Aim of the task
Make an exact copy, without pictures, of the lines below from the one containing "Magnetic map of Europe wall board" to the last line, both ends included.

Information provided
◆ ◆ ◆ ◆

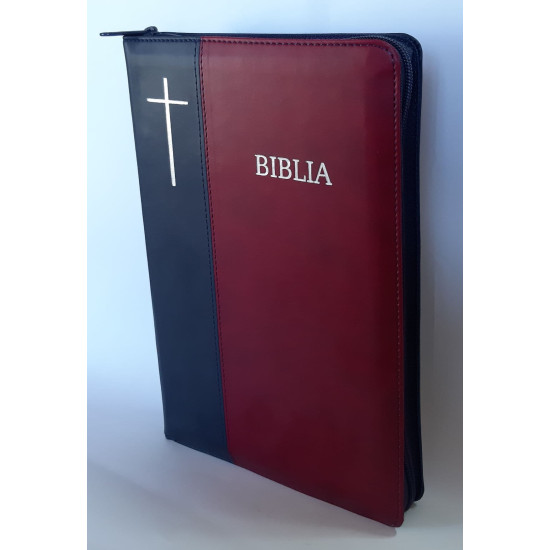 Biblia mare 076 ZTI visiniu-bleumarin, fermoar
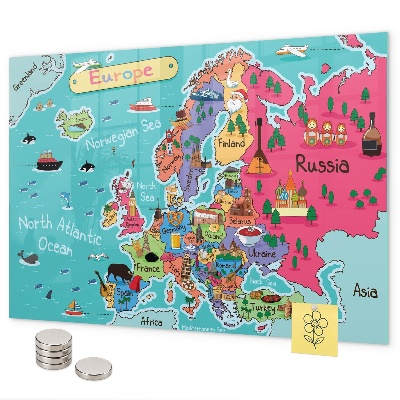 Magnetic map of Europe wall board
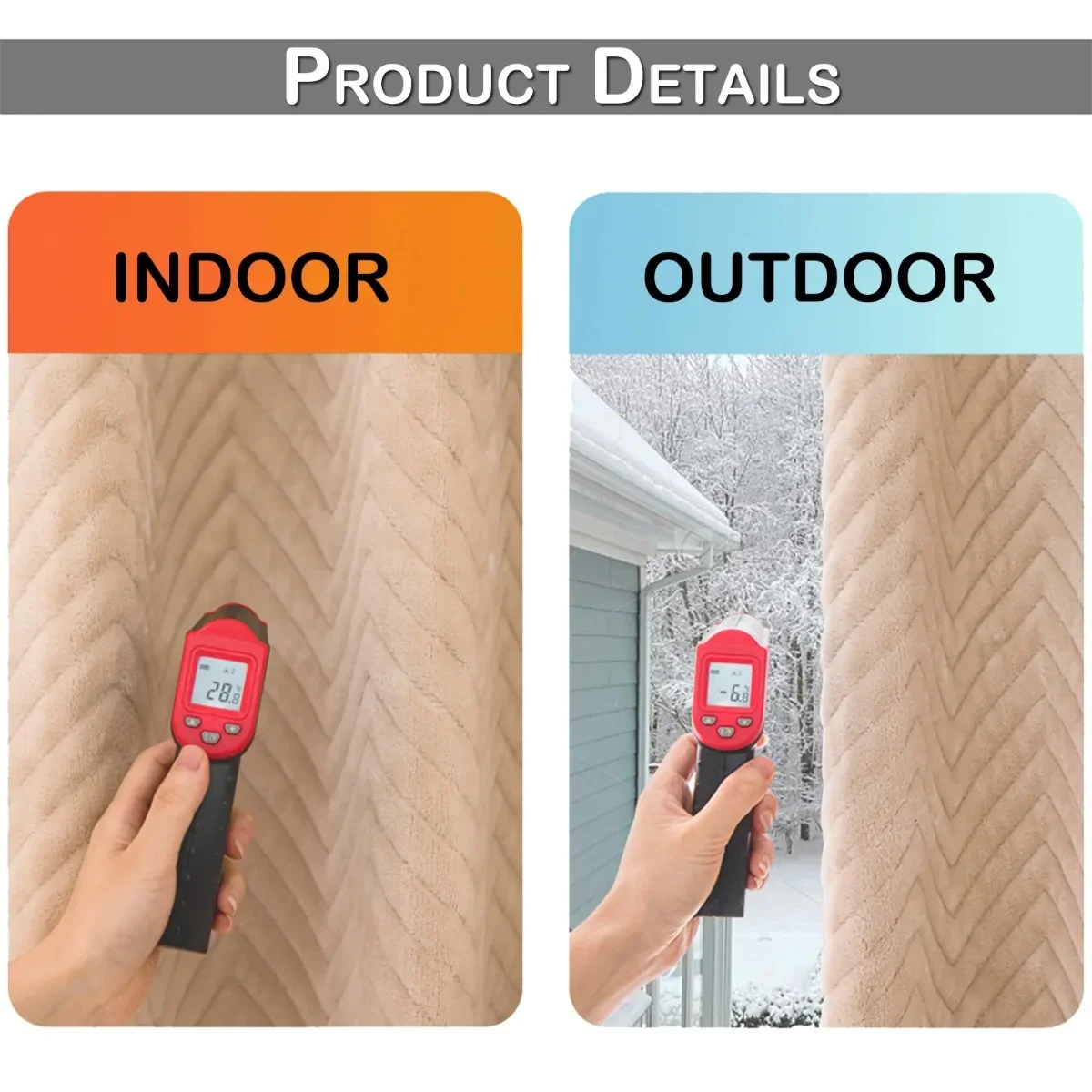 Winter Thermal Warm Folder Cotton Curtain Cold proof Windbreak Soundproof Blackout Beige Curtains for Living Room and Bedroom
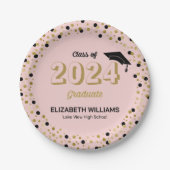 Gold Script Confetti Graduation Party Pink Pap Pappteller (Vorderseite)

◆ ◆ ◆ ◆

Written answer
 Magnetic map of Europe wall board
 Winter Thermal Warm Folder Cotton Curtain Cold proof Windbreak Soundproof Blackout Beige Curtains for Living Room and Bedroom
 Gold Script Confetti Graduation Party Pink Pap Pappteller (Vorderseite)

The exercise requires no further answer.